[Opening Exercise inputs section]

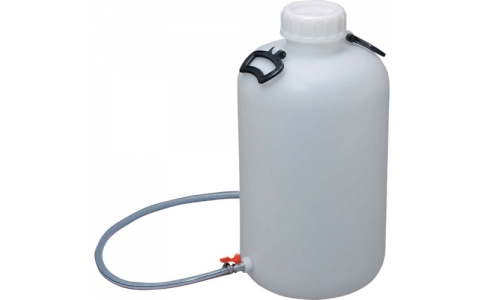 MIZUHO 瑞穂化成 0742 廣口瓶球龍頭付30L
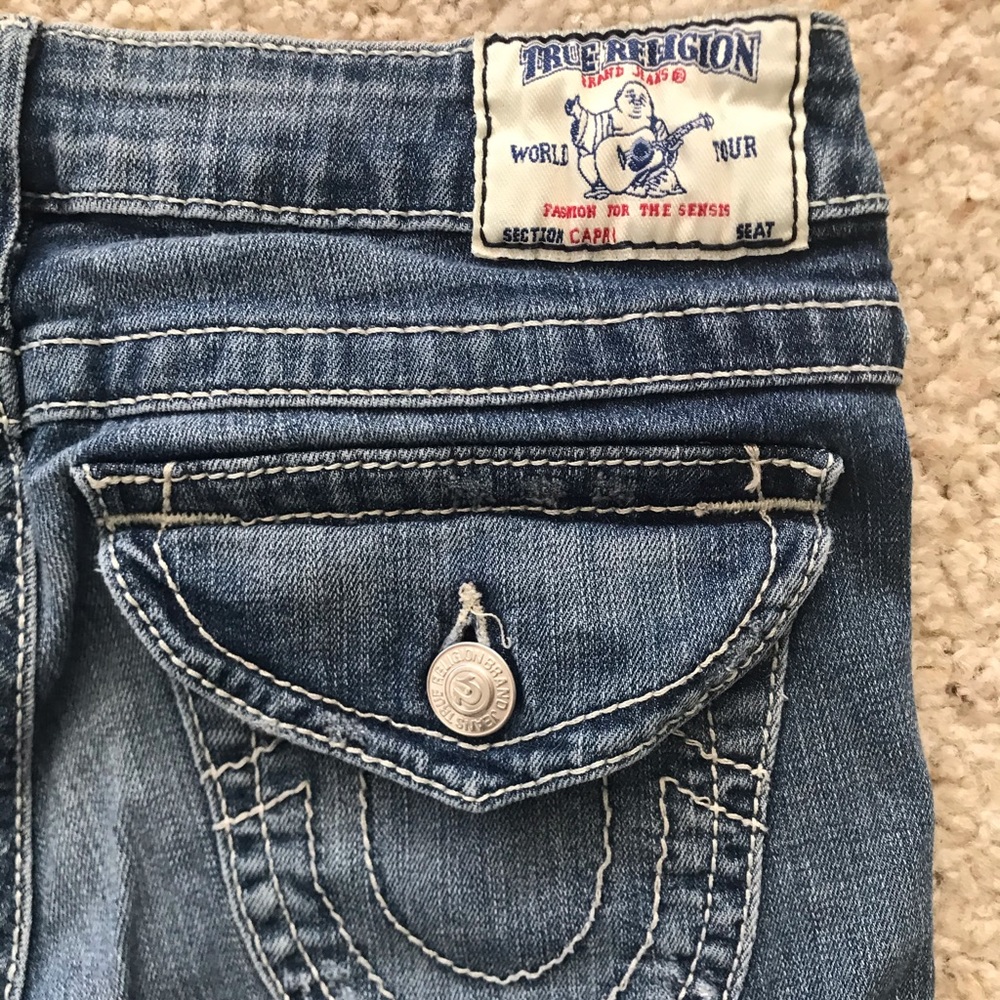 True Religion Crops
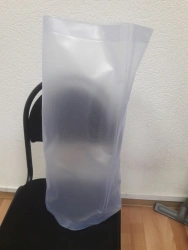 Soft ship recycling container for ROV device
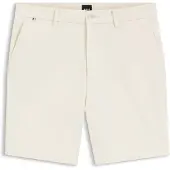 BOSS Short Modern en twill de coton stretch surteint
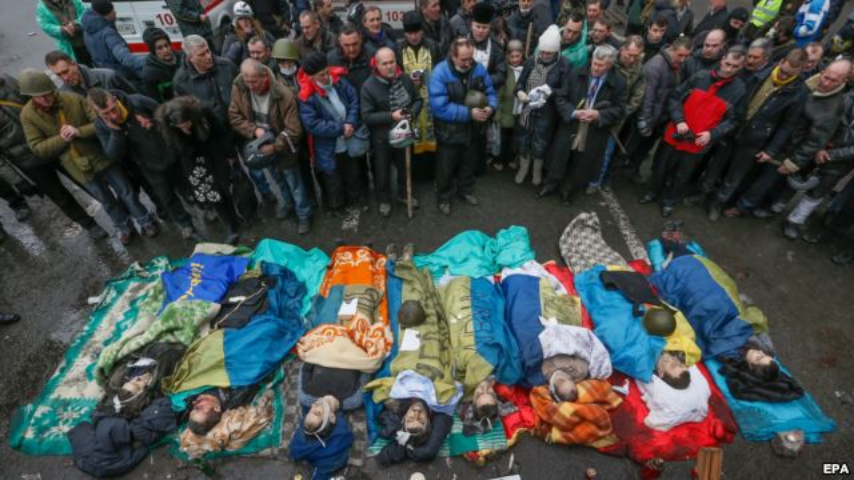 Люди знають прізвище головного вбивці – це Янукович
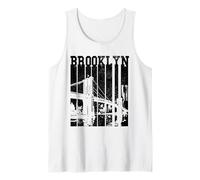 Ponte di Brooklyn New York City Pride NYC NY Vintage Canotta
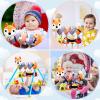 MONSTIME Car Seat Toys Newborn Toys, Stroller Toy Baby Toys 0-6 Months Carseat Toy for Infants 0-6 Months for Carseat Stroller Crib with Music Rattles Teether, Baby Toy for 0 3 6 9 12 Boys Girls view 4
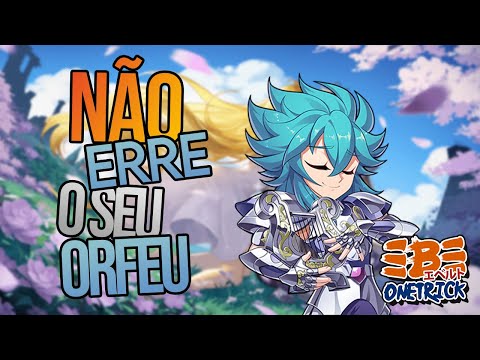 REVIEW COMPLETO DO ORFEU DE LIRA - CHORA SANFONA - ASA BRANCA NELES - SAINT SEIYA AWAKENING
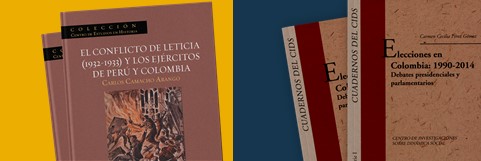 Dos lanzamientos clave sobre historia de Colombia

[Closing Exercise inputs section]

- Requirement: All entries above are to be set down word for word, and the pictures are to be left out.

- Expected output:
 MIZUHO 瑞穂化成 0742 廣口瓶球龍頭付30L
 True Religion Crops
 Soft ship recycling container for ROV device
 BOSS Short Modern en twill de coton stretch surteint
 Люди знають прізвище головного вбивці – це Янукович
 Ponte di Brooklyn New York City Pride NYC NY Vintage Canotta
 MONSTIME Car Seat Toys Newborn Toys, Stroller Toy Baby Toys 0-6 Months Carseat Toy for Infants 0-6 Months for Carseat Stroller Crib with Music Rattles Teether, Baby Toy for 0 3 6 9 12 Boys Girls view 4
 REVIEW COMPLETO DO ORFEU DE LIRA - CHORA SANFONA - ASA BRANCA NELES - SAINT SEIYA AWAKENING
 Dos lanzamientos clave sobre historia de Colombia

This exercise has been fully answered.